Magnetoresistive sensors, which utilize the magnetoresistive effect in which electrical resistance changes in response to changes of the external magnetic field, is known as a good magnetic field sensor and is used practically as a read head in magnetic heads, a key component of magnetic storage devices.
With the progress in size reduction of magnetic recording and reproducing devices, improvements in the performance of magnetic heads to read and write information would enable the heads to operate even better. Currently, a magnetic head generally has two heads: a read head to read information, and a write head to write information. Commonly, the read head is a CPP structure magnetoresistive effect head enabling high read resolution.
To realize still higher recording densities, some problems associated with the read head may be solved. The problems include higher accuracy fabrication of the read head element section and improvement in the stability of the read performances.
Raising the recording density involves narrowing the read track width. Here, the read track width is the across-the-track width of the magnetoresistive sensor film which detects a signal from a recording medium. Preferably, in view of productivity, the read track width is formed during the lift-off process, since it is a simple process. For this purpose, the height of the lift-off mask material has a certain level. To form a narrow read track width, the pattern width of the lift-off mask material is narrowed.

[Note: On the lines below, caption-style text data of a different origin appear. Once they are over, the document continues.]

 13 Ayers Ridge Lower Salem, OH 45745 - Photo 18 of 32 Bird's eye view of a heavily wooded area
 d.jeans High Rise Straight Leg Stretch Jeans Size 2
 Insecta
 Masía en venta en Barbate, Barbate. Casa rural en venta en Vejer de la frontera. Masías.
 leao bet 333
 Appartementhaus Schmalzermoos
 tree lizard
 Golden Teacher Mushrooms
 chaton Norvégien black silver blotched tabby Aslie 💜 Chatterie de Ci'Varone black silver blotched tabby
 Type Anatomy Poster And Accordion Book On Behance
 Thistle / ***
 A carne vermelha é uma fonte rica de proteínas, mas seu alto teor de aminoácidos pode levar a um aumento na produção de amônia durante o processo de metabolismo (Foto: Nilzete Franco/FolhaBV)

Therefore, the ratio of the height to the pattern width in the lift-off mask material (aspect ratio) becomes high, which may result in a lowered pattern accuracy of the lift-mask material due to bending, collapse of the mask pattern, etc. In addition, the stripe height has an effect on the performance of the read head, and may also be formed with a higher accuracy. The stripe height is the length of the magnetoresistive sensor film in the depth direction.
Narrowing the read track width affects the stability of the read performances, too. Generally, to stably reproduce a good waveform with sufficiently low noise, the stripe height is shortened, which corresponds to a narrow read track width. This is because the magnetic anisotropy is one of the factors affecting the stable operation. The magnetic anisotropy is determined by the shape of the free layer in which magnetization rotates depending on the magnetic field from the recording medium. The free layer is one of the ferromagnetic layers which comprise the magnetoresistive sensor film.
In addition, the free layer is provided with a longitudinal bias layer on each side thereof, via an insulator layer in a track width direction, to apply a longitudinal bias field thereto so that the magnetization rotates without causing noise. Shortening the stripe height makes the longitudinal biasing layer more subject to thermal fluctuations since the length of the longitudinal biasing layer in the stripe height direction inevitably becomes shorter.
Japanese Patent Office (JPO) Pub. No. JP-A-2005-346869 and JP-A-2008-84373 disclose CPP structure magnetoresistive heads each comprising a magnetoresistive sensor film and longitudinal biasing layer whose stripe height is longer than that of the magnetoresistive sensor film.
Each of these current structures has problems associated with their use and/or production. Therefore, a magnetoresistive sensor which eliminates or lessens these problems would be beneficial to the field of magnetic recording.